The problem
Your output should be exactly the lines from the one containing "Complete the registration" through the final line of the following data, please, with no pictures.

---+---

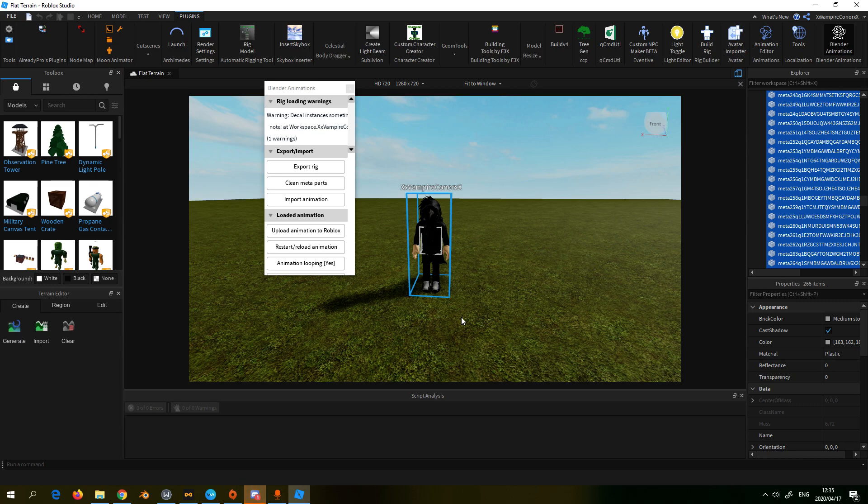So now that we have our rig exported, we're going to go into Blender now.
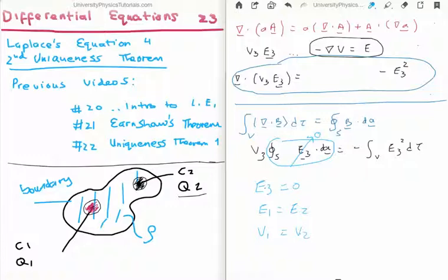That brings us back to the statement of the second uniqueness theorem: in a volume V surrounding conductors and containing a specified charge density rho, the electric field is uniquely determined if the total charge on each conductor is given. Thanks for watching — please pass it on to your friends, subscribe to my channel, and leave a comment in the box below.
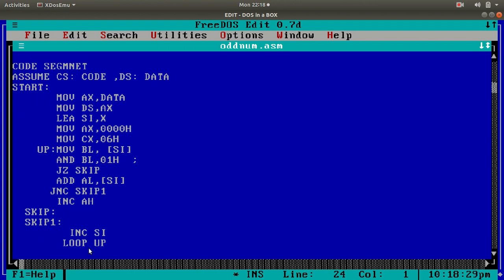And then, I have to increment SI because it has to go to the next memory location. And that's it. Loop up. This will complete my operation. Skip, skip 1. Increment SI. This is very, very simple, isn't it? It's very simple. And then, done with it, right?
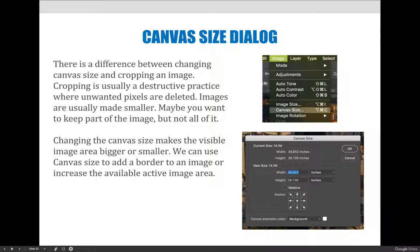To change canvas size, choose Image > Canvas Size. There are basically two ways to make the image bigger. The dialog box shows the size of the image in inches — the same image at 35.653 by 26.732 inches. You can tell it exactly how many inches you want, such as 40 inches by 30 inches, and when you hit OK the document area gets bigger while your original image stays 35 by 26 somewhere in the middle. You can also make relative changes: selecting relative shows zero, and whatever value you add gets added to the width and height. For a one-inch border on all sides, you'd add two inches to both width and height.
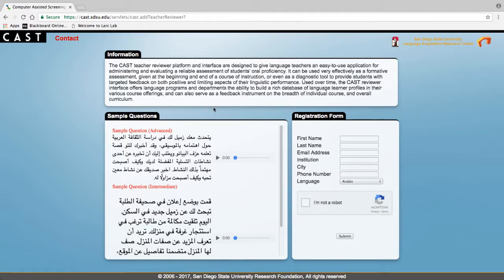Complete the registration form and select the language for which you will use the teacher reviewer platform.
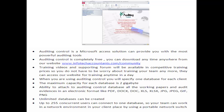Training videos and a supporting forum will be available at competitive training prices, so you do not have to worry about training your team anymore. They can access our website for training any time of day. When using Auditing Control, you will specify one database for each client, with a maximum capacity of 2 gigabytes per database.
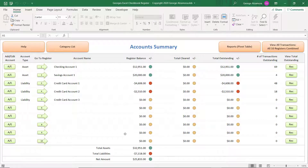So that's a basic overview of the new features of George's Excel Checkbook Register version 7. If you're interested in the Checkbook Register and you're watching this on YouTube, there's a link in the description to the product page where you can find out more information about the product.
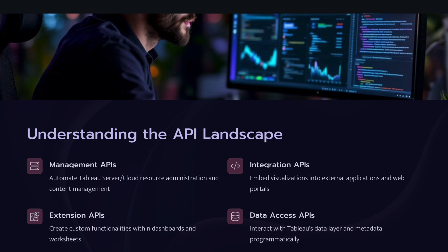Then the next one is extension API. This is quite an interesting one where you can create custom functionalities within the dashboards or worksheets or also you can create web applications using extension API which can interact with your dashboards. So that's really powerful if you want to dive deeper into creating your own functionalities within your dashboards.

---+---

Task response
Complete the registration form and select the language for which you will use the teacher reviewer platform.
Training videos and a supporting forum will be available at competitive training prices, so you do not have to worry about training your team anymore. They can access our website for training any time of day. When using Auditing Control, you will specify one database for each client, with a maximum capacity of 2 gigabytes per database.
So that's a basic overview of the new features of George's Excel Checkbook Register version 7. If you're interested in the Checkbook Register and you're watching this on YouTube, there's a link in the description to the product page where you can find out more information about the product.
Then the next one is extension API. This is quite an interesting one where you can create custom functionalities within the dashboards or worksheets or also you can create web applications using extension API which can interact with your dashboards. So that's really powerful if you want to dive deeper into creating your own functionalities within your dashboards.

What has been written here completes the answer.